Hi! I’m Tom Simondi, the person behind Computer Knowledge, Fables of Aesop, and this, my personal photos Web site: Tom’s Fotos. Welcome to my world.
I started Computer Knowledge in 1984 upon leaving a 20-year career in the United States Air Force. The Computer Knowledge flagship product, Tutor.COM, was a DOS-based minicourse about microcomputers. It was written to help students study on their own as part of an introductory microcomputer college course I was teaching. The product held up for a dozen years (its basic information is still part of newer versions) and continues to be valid today; though horribly out of date. (For further information on this and other computer tutorials, please go to the Computer Knowledge Web site.)

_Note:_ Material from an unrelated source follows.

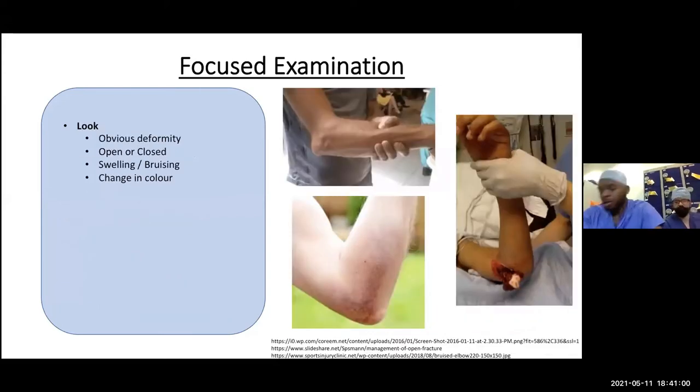For focused examination, we use a look, feel, move approach for any fracture or joint problem. Look for any obvious deformity — such as a posterior dislocation of the elbow. Look for whether the injury is open or closed — check for any wounds communicating with the outside world, which is an orthopedic emergency generally managed in trauma centers. Also look for swelling, bruising, and change in color.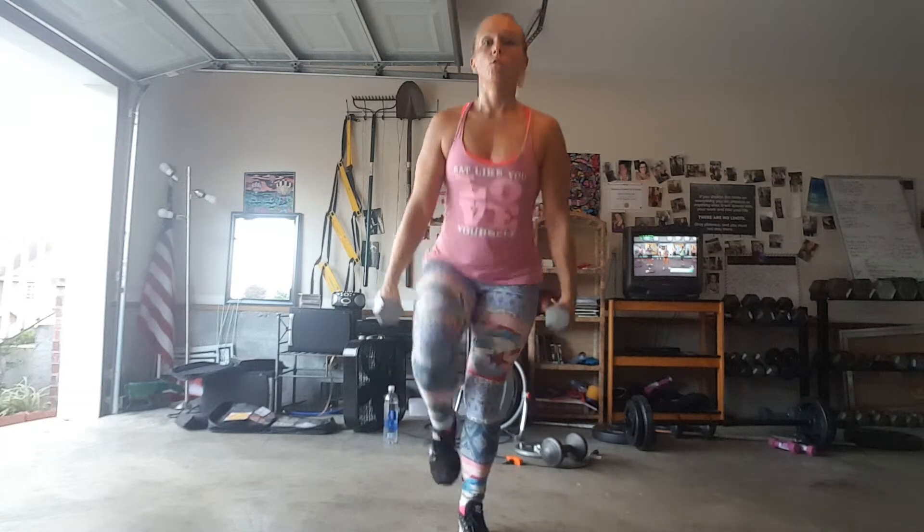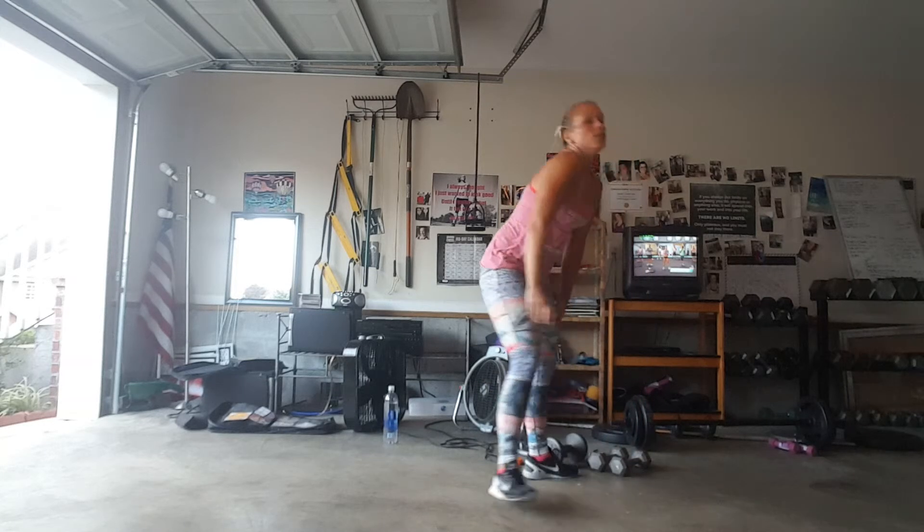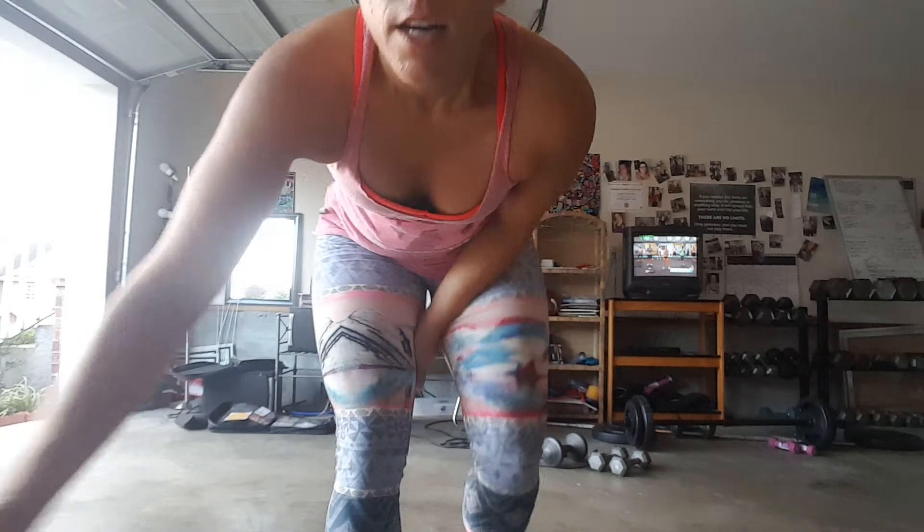So you've got 30 seconds of the sumo squat jumps and 30 seconds of the one-legged squat, with or without weight. Welcome to plyometrics, otherwise known as jump training.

To give you a quick history, I grew up in Los Angeles and attended Loyola High School. Upon graduation I attended the University of Arizona and in 1964 I started as a 2nd Lieutenant in the United States Air Force. First assigned to Eglin AFB in Florida I tested electronic countermeasures equipment. From there the AF sent me back to school at the Air Force Institute of Technology in Dayton, Ohio and I graduated with a Masters in Electrical Engineering, with a specialty in Biomedical Engineering. From Dayton the AF moved me to Brooks AFB in San Antonio, Texas for some medical research and then to Headquarters, Air Force Systems Command outside of Washington, DC. It was there I learned to really hate bureaucracies. 🙂 As quickly as possible, I left Washington in order to spend a wonderful four years teaching at the US Air Force Academy in Colorado Springs, Colorado. A quick trip across the country to attend Armed Forces Staff College (now Joint Forces Staff College) in Norfolk, Virginia was followed by a tour at Space Division in Los Angeles, California; my home town. There I worked on the Space Shuttle development as it applied to the Air Force. While there I attended night classes and graduated from Pepperdine University with an MBA. Another quick trip across the country to attend the Defense Systems Management College at Fort Belvoir, Virginia and then it was back to Space Division to take over the Space Laser Communications system program office (which had a dragon as a logo accounting for the dragons you see associated with me). After a short time I also became Deputy Director of Advanced Space Communications and that’s where I retired as a Lieutenant Colonel after 20 years.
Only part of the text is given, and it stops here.